June 1 marks the beginning of Atlantic hurricane season, so it is useful to know which companies have the greatest exposure to possible storms and those that stand to gain if supply disruptions occur.
The most recent forecasts out of the U.S. call for a higher-than-average number of named storms in the next six months, for many of the same reasons cited last year.
But the 2006 season ended up being quieter than expected, primarily because storms did not reach land and therefore caused much less damage than in 2005 when Hurricanes Katrina and Rita ravaged the Gulf Coast.
The largest concentration of offshore oil and gas production is near the coast of Louisiana, while the offshore Gulf of Mexico region accounts for nearly 15% of natural gas production and 32% of crude oil production in the lower 48 U.S. states, according to RBC Capital Markets.

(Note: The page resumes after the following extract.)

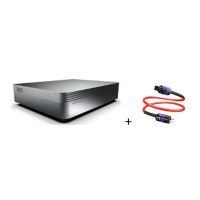 HIFIHIFI / S�ov� filtr:IsoTek V5 Aquarius / Black+Evo3 Optimum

Oil and natural gas independent Apache Corp. (NYSE:APA) has significant exposure in the Gulf region, with more than 22% of 2006 production and 17% of year-end reserves there, RBC said in a report.
Anadarko Petroleum Corp. (NYSE:APC) meanwhile, has an estimated 13% of its 2006 year-end reserves in the Gulf of Mexico. Devon Energy Corp.’s (NYSE:DVN) Gulf properties however, only account for roughly 5% of its proved reserves and 10% of production at that time.
The report also noted much more exposure in terms of reserves and production in the Gulf for names like ATP Oil & Gas Corp. (ATPG), Callon Petroleum Co. (NYSE:CPE), Helix Energy Solutions Group (NYSE:HLX), Mariner Energy Inc. (ME) and Swift Energy Co. (SFY).
But while integrated oil and gas companies are indeed at risk from hurricanes in the Gulf, the path of these storms is what really matters as one company can suffer massive damage, while its neighbor could emerge unscathed.